Als Hauptursachen wurden ungenügende Sicherheitsabstände, Nichtbeachten der Vorfahrt, Fehler beim Abbiegen nach links sowie überhöhte Geschwindigkeit genannt. Zudem wurden illegale Autorennen (15 Tote) sowie der Konsum von Rauschmitteln (10 Tote) als Ursachen für zahlreiche Unfälle genannt.
Mehr Verkehrsüberwachung als Lösung?
Die Verkehrsexperten der Gewerkschaft der Polizei NRW sind sich einig, dass das Land bei der Verkehrsüberwachung dringend besser werden muss. „Zu hohe Geschwindigkeiten bleiben die Verkehrsunfallursache Nummer 1. Da müssen wir ansetzen. Da tun wir im Moment zu wenig“, sagte der stellvertretende GdP-Vorsitzende Jörg Brackmann. Die GdP fordere deshalb die schnelle Umsetzung der Pläne der Landesregierung zur Ausweitung der Geschwindigkeitsüberwachung von Kommunen auf Autobahnen.

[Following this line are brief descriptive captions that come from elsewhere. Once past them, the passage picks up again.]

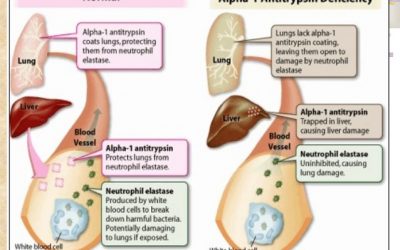 What is the most common cause of cirrhosis in childhood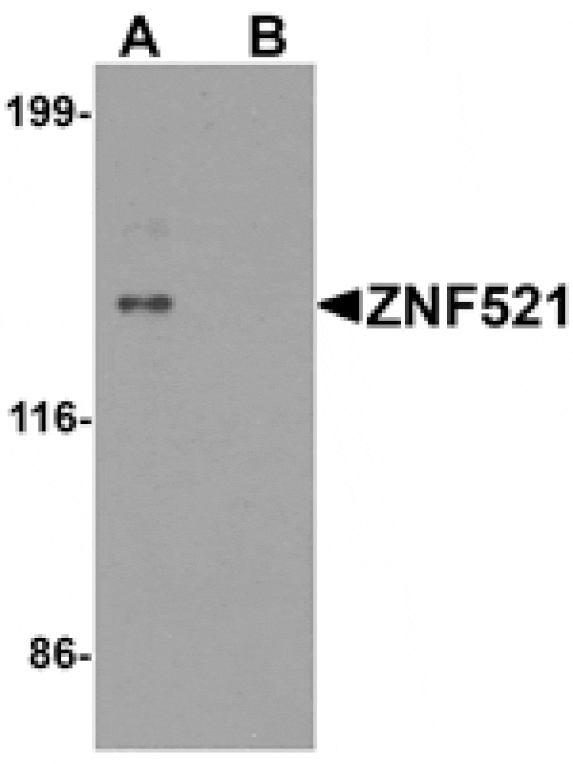 Western blot - ZNF521 Antibody from Signalway Antibody (25491) - Antibodies.com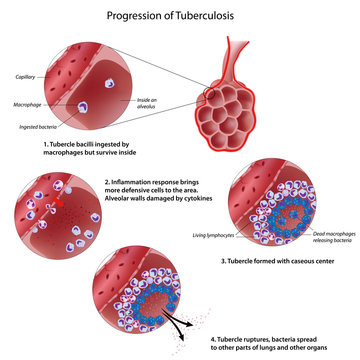Progression of pulmonary tuberculosis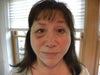 Four days after surgery. Here I am raising both eyebrows, but no upward movement on the right.
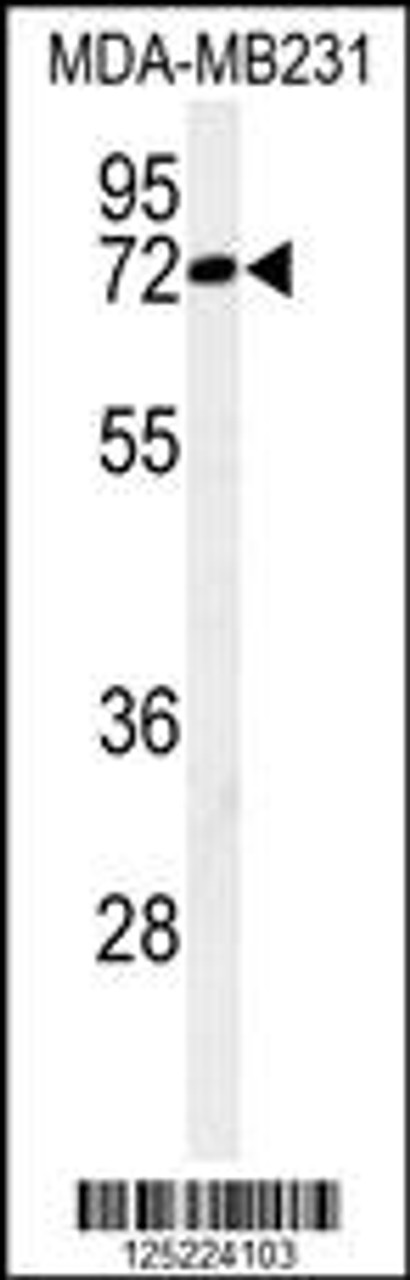 Western blot analysis of CJ119 Antibody in MDA-MB231 cell line lysates (35ug/lane)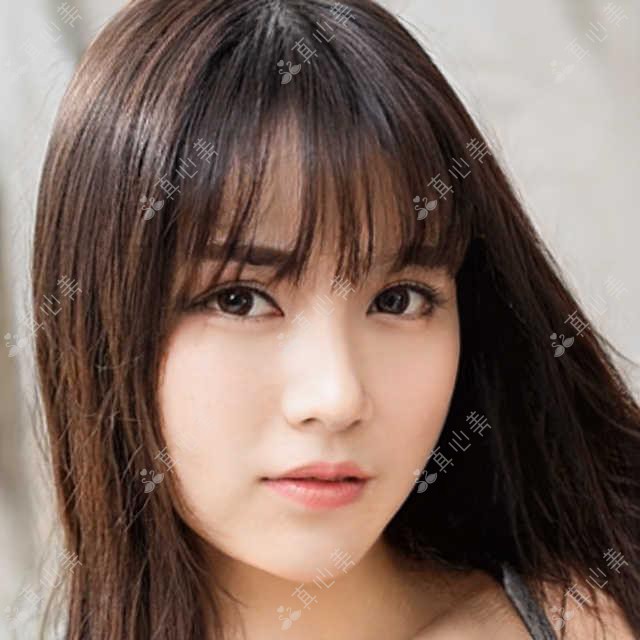 吉林市德国种植牙价格一览：承运/联晟/吉平/嘉美/甘洪蕾种植牙费用对比表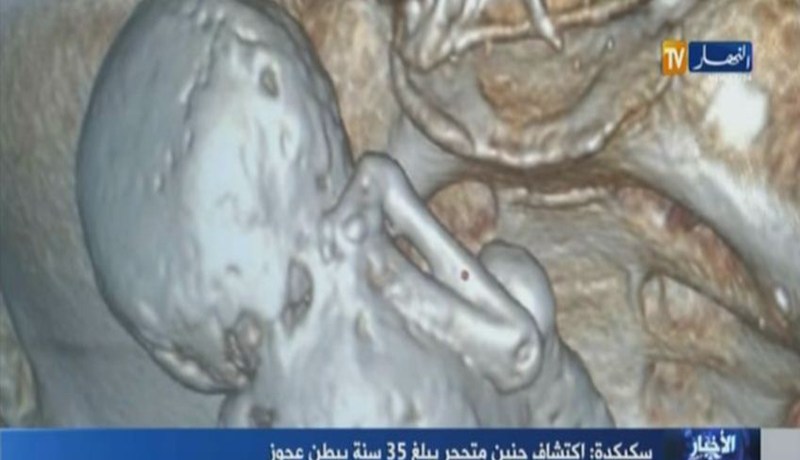 بالفيديو …إكتشاف جنين متحجر لمدة 35 سنة ببطن عجوز بسكيكدة
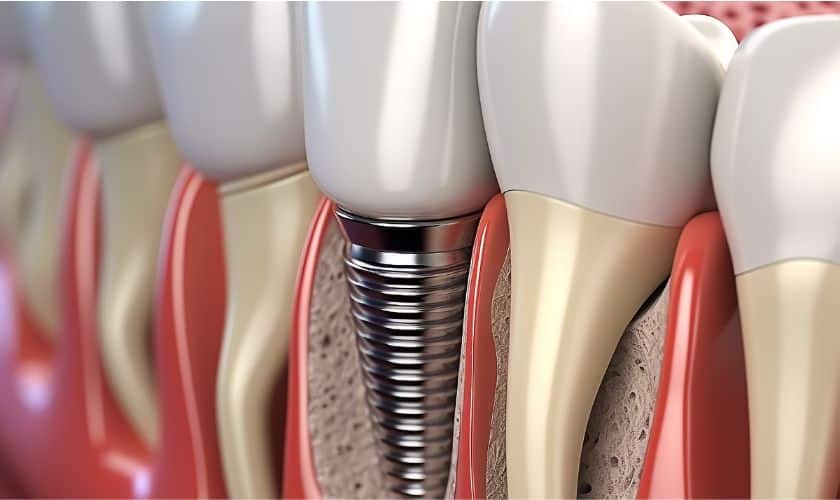 Dental implant cross-section showing titanium screw fixture embedded in jawbone with crown restoration.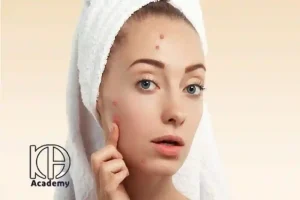 چرا بعد از فیشیال جوش می‌زنم؟ دلایل و راهکارهای پیشگیری جوش زدن بعد از فیشیال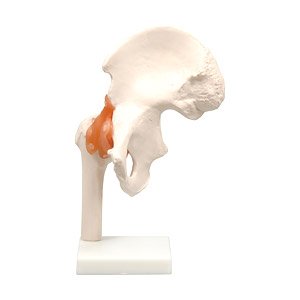 Hip Joint Model (Educational)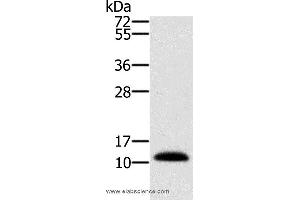 Western blot analysis of Human prostate tissue, using MSMB Polyclonal Antibody at dilution of 1:250 (MSMB 抗体)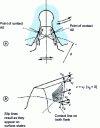 Figure 26 - Direction and orientation of various meshing slips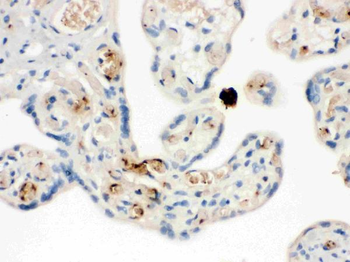NAP2/PPBP Antibody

In den vergangenen Jahrzehnten ging die Zahl der Verkehrstoten bundesweit zurück - auch durch erhöhte Sicherheitsstandards in den Autos. Nun stieg die Zahl in Nordrhein-Westfalen wieder an, der niedrigste Stand war im Pandemiejahr 2021 mit 425 Verkehrstoten erfasst worden.